One of the next things Lacy is looking at concerns not what he and his colleagues are doing but rather what his patients are doing. He estimates that 35% of his patients use some form of complementary and alternative medicine, or CAM—such as vitamins, herbal supplements, yoga, acupuncture, chiropractic manipulation, or homeopathic treatments. "Most CAM therapies have never been tested," he points out.
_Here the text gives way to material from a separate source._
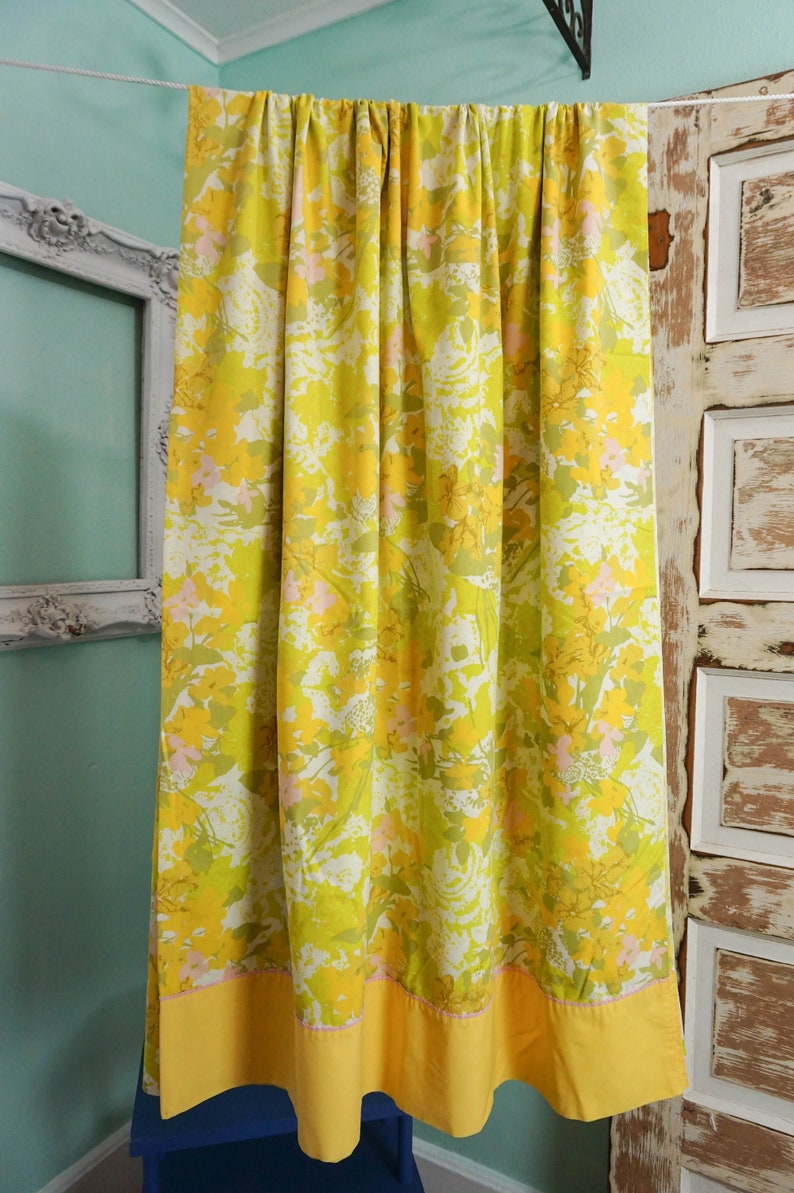 Pode incluir: Uma cortina amarela e verde com padr&atilde;o floral e uma borda inferior amarela. A cortina est&aacute; pendurada em um cord&atilde;o branco.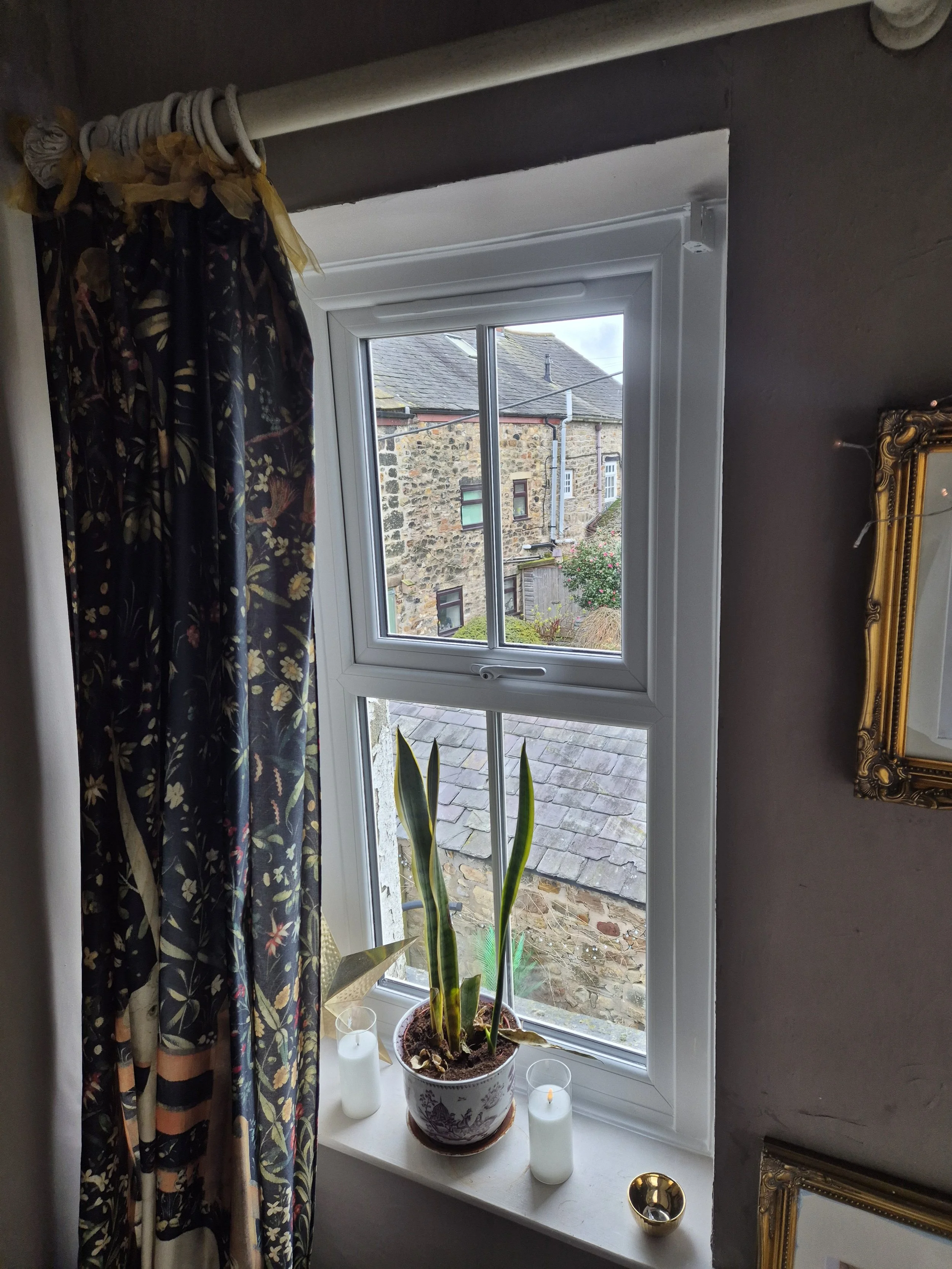 White PVC window with  astragal bars.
To help patients understand what is known and not known about various treatments, Lacy is writing a book on CAM; it's due out in 2012.

"My view, as a scientist," he says, "is 'Keep your blinders off, keep your eyes open and your ears open.' I think a lot of us used to laugh at this [complementary and alternative medicine] stuff about 10 or 15 years ago, saying it's just quack medicine. There's some stuff out there that probably does work." Next year, he plans to launch a study looking at whether capsaicin, a compound found in hot peppers, can alleviate chronic pain in the digestive track.

For all of Lacy's specialized knowledge and scientific acumen, he converses easily with all sorts of people. When talking recently to a patient who works as a commercial pipefitter, he compared pancreatic stones to "pipe ball valves." And when presenting to an audience of middle-schoolers this past spring, he held them rapt by recounting some of the strange items he's had to extract from people's stomachs and the tools he used to perform the extractions.

Being "such a people person," as his friend Crowell puts it, seems to help Lacy tune in to his patients' needs, too, like helping them find drugs at a cheaper price and making sure they understand how their disease is being managed. For example, he always gives patients a handwritten plan at the end of an appointment. It can be reassuring, he says, for patients to have written instructions to walk out with.

For some patients, the reassurance may come less from walking out with instructions and more from knowing that Lacy wrote them. It's only natural to feel well taken care of when a doctor has helped you stay healthier and out of the hospital.

During the appointment with the boisterous woman with diabetic gastropathy, Lacy leaves the room at one point to fetch a stethoscope. "Coming to this doctor has made all the difference," the woman's husband offers up without any prompting.

"He's the best doctor," she says, nodding in agreement.